REQUIREMENT -> Set down word for word each line from the one containing "Tuki Trout Farm" through the end of the records, both included. Do not copy any pictures.

PROVIDED DATA ->
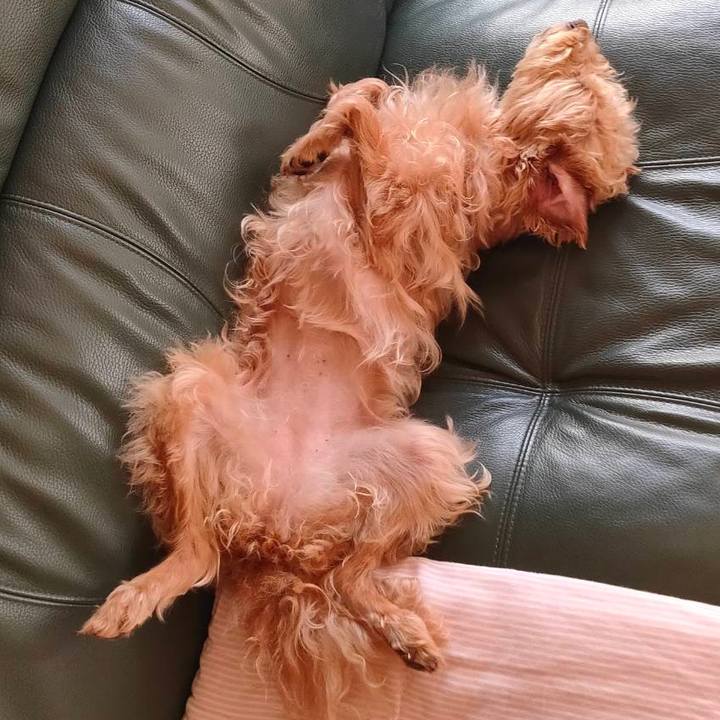 F38dc7d3 b710 42e9 b865 505eba9a13a3 1692707877255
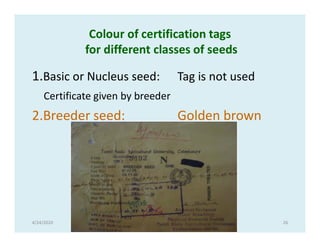Seed and seed technology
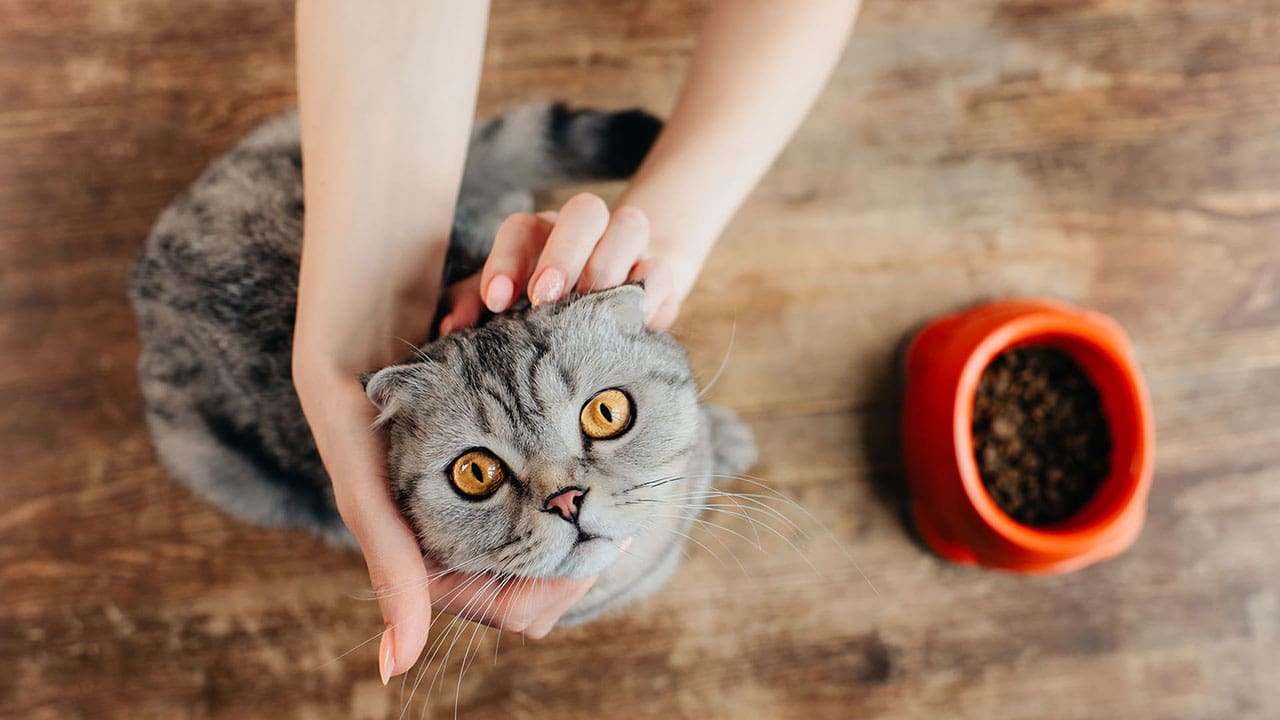 What treats should I give my cat?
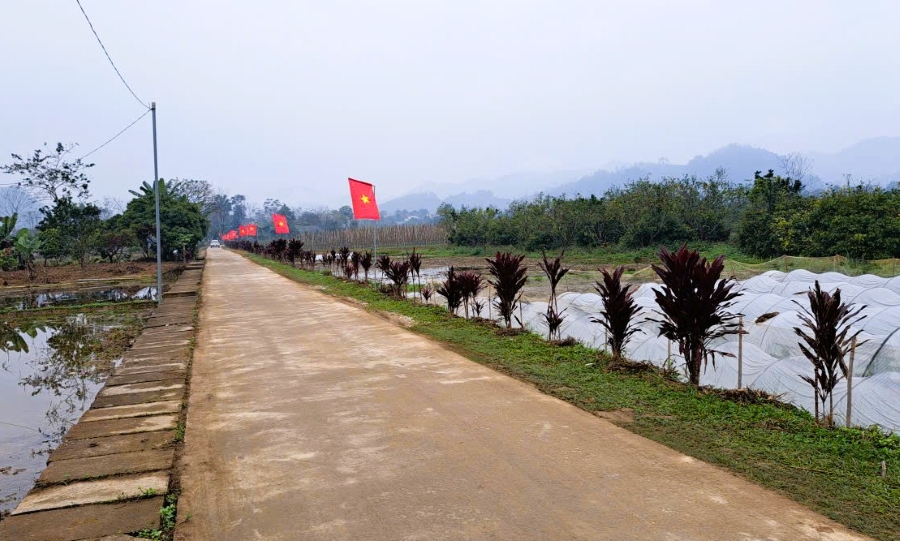 Đồng Yên rực rỡ cơ hoa chào mừng các sự kiện chính trị trọng đại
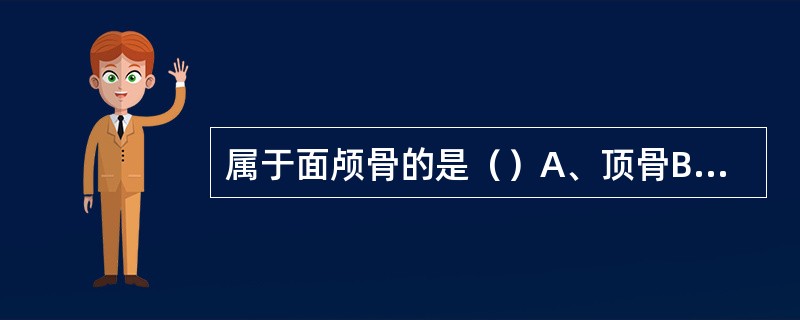 属于面颅骨的是（）A、顶骨B、额骨C、筛骨D、上颌骨E、枕骨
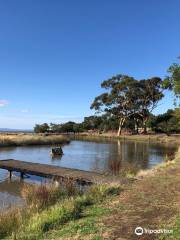 Tuki Trout Farm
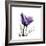 Royal Purple Parrot Tulip-Albert Koetsier-Framed Premium Giclee Print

TASK RESULT ->
 Tuki Trout Farm
 Royal Purple Parrot Tulip-Albert Koetsier-Framed Premium Giclee Print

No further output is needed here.